The Tibetan spiritual leader arrives at Tawang, perched at an altitude of more than 11,000 feet close to the border with China, on a week-long visit to Arunachal Pradesh, a state of about one million people bordering China and which Beijing claims.
"Everything from the main prayer hall to the throne from where the Dalai Lama would lead a three-day prayer session for some 30,000 followers is ready," Guru Tuku, the abbot of Tawang monastery, told IANS.
Hundreds of devotees from Nepal and Bhutan have also converged for the Dalai Lama's visit, which at one time had threatened to disrupt relations between New Delhi and Beijing.
Arunachal Pradesh Chief Minister Dorjee Khandu personally supervised the arrangements Saturday at the monastery.

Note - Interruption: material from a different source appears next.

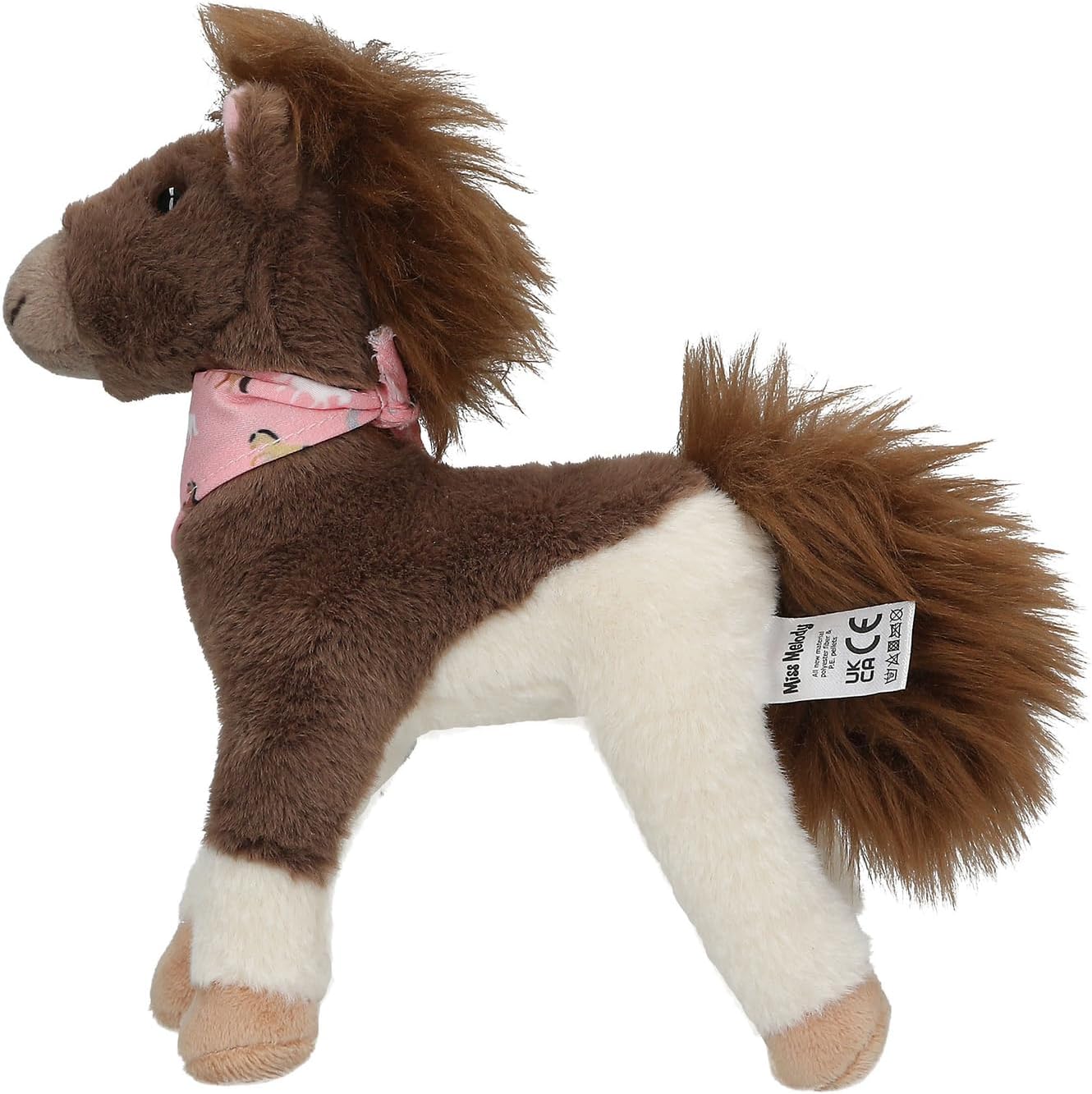 Plush toy horse with a pink bandana on a white background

"We are very happy with the arrangements and eagerly waiting for the Dalai Lama," the chief minister told IANS.
Child monks with their maroon and yellow robes put up welcome arches, while many climbed trees and got on to rooftops to set up Tibetan prayer flags and mount pictures of the Tibetan leader who has lived in India since fleeing his homeland in 1959.
Mandala paintings using coloured sand were made on roads leading to the monastery, with skilled monks carving intricate designs.
"The mood is one of sheer excitement and anticipation, coupled with a sense of awe," said Lama Lopon, another priest at the monastery.
The smell of burning incense wafts the air as sounds of gongs and cymbals reverberated the surrounding with monks busy rehearsing in the monastery to welcome the Dalai Lama.
"The welcome ceremony would be purely religious with about 800 monks taking part, besides people from the area," TG Rinpoche, a senior Buddhist spiritual leader and a former minister, told IANS.
The Dalai Lama on Sunday would inaugurate a museum and a library at the monastery and then address monks and priests.
"The Dalai Lama's main itinerary begins Monday when he starts the prayer session at a school playground near the monastery. That would be his first public appearance," Tuku said.
It was through Tawang, a revered seat of Buddhism, that in 1959 the Dalai Lama escaped the Chinese to enter India.
The Buddhist leader will then visit the adjoining town of Bomdilla and Dirang Nov 12, before leaving for state capital Itanagar Nov 14. The visit ends Nov 15.
China had raked up a controversy by asking India not to allow the Tibetan spiritual leader to visit Arunachal Pradesh. The Chinese media warned of consequences if the demand was not met.
Indian officials argued that they could not control the Dalai Lama's movements. But after a meeting between Prime Ministers Manmohan Singh of India and Wen Jiabao of China in Thailand late last month, the Chinese attitude towards the Indian government has softened.